• [SOURCE RECORDS]:
○ ○ ○ ○ ○
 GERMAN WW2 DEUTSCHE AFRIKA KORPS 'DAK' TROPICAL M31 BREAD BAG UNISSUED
○ ○ ○ ○ ○
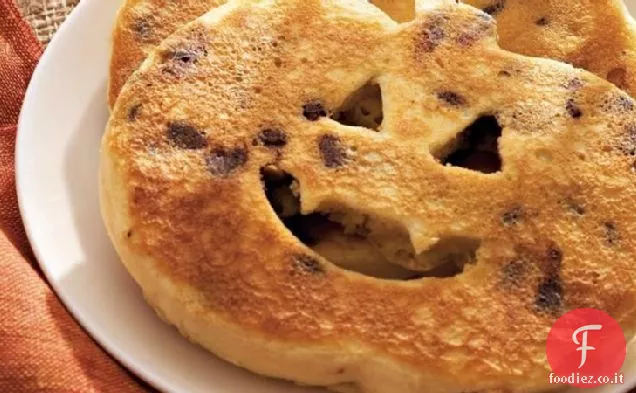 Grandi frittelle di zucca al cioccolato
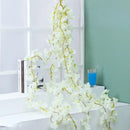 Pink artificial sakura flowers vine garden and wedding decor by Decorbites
○ ○ ○ ○ ○
• [ACTIVITY]: Go to the line above that contains "Grandi frittelle di zucca al cioccolato" and reproduce everything exactly from there through the line that contains "Pink artificial sakura", leaving out the pictures.

• [RESULT OF THE EXERCISE]:
 Grandi frittelle di zucca al cioccolato
 Pink artificial sakura flowers vine garden and wedding decor by Decorbites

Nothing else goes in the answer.